CPL. IAN ALEXANDER of the Sagadahoc County Sheriff’s Department is pictured with a young police dog, Rocko, at the Maine Criminal Justice Academy in Vassalboro. Rocko retired in 2012 and died early on March 10 after enjoying 12 years with Alexander.

CPL. IAN ALEXANDER of the Sagadahoc County Sheriff’s Department is pictured with a young police dog, Rocko, at the Maine Criminal Justice Academy in Vassalboro. Rocko retired in 2012 and died early on March 10 after enjoying 12 years with Alexander.

BATH

One of the most beloved officers of the Sagadahoc County Sheriff ’s Department left a hole in the heart of his partner and the community when he died early in the morning on Tuesday, March 10.
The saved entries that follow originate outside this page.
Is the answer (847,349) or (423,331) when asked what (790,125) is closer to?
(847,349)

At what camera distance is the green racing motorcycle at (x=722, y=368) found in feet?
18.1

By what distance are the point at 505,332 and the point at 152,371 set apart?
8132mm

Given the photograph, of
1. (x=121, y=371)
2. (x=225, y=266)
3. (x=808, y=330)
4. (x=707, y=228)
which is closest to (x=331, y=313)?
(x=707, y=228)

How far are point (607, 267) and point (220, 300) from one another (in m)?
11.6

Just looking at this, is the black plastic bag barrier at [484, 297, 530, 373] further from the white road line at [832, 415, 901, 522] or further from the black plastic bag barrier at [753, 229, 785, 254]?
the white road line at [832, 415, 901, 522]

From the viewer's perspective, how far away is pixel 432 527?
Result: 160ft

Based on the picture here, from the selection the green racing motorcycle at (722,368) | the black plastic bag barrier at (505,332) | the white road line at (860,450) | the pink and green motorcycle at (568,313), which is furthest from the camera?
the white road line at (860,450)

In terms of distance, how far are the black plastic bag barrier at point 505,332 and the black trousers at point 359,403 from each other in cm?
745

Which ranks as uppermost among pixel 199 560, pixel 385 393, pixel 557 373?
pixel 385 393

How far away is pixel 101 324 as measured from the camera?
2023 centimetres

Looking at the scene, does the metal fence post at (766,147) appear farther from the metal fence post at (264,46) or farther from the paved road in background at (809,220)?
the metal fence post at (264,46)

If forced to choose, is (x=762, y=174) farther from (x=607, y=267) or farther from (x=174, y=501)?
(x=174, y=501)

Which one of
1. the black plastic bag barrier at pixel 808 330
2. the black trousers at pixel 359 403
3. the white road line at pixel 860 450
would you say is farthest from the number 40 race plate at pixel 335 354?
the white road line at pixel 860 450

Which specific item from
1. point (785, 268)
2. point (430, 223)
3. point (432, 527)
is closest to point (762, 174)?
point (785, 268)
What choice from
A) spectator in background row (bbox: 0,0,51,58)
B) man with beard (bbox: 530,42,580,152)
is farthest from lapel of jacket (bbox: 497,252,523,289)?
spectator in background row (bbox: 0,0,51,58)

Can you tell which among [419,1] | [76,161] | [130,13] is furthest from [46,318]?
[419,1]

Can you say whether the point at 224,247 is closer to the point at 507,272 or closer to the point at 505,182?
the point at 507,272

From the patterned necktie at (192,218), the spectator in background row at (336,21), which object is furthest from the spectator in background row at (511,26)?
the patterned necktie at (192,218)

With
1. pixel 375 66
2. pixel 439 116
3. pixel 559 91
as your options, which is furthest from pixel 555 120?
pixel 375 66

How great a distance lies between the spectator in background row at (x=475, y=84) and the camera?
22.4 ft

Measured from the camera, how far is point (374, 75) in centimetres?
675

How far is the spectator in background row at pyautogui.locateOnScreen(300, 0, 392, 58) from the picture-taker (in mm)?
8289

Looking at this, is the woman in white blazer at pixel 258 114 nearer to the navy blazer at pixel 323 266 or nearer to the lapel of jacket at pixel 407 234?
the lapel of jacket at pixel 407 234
He enjoyed a successful eightyear run before retiring in 2012. Rocko was a German shepherd and half of the department’s first-ever K9 team.

His handler, Cpl. Ian Alexander, said he did the hardest thing he ever had to do when he rushed his partner to an emergency veterinary clinic in Lewiston and decided to have the 12-year-old dog put to sleep.

The dog was cremated and the family will keep the ashes with them because Alexander said he couldn’t stand the thought of throwing dirt over his dog.

He was working the night shift when his wife, Karen, called from their Richmond home at around 9:20 p.m. Monday, March 9, to say Rocko wasn’t acting right and was outside vomiting. He checked on the dog at 11 p.m., but by 1:30 a.m. the next day, Alexander just looked at Rocko and, “I knew.”

The dog was panting, his heart was racing and his stomach was bloated. Alexander knew he had to get him to the vet and woke his wife. They got their two sons up so they could say goodbye. It was the toughest part for Alexander.

Now that Rocko was retired, “That was their dog,” Alexander said of his boys. His eldest son, Cole, 11, got his own blanket off his bed for the dog. Wrapped in the American flag blanket, Alexander placed Rocko in the back of the cruiser.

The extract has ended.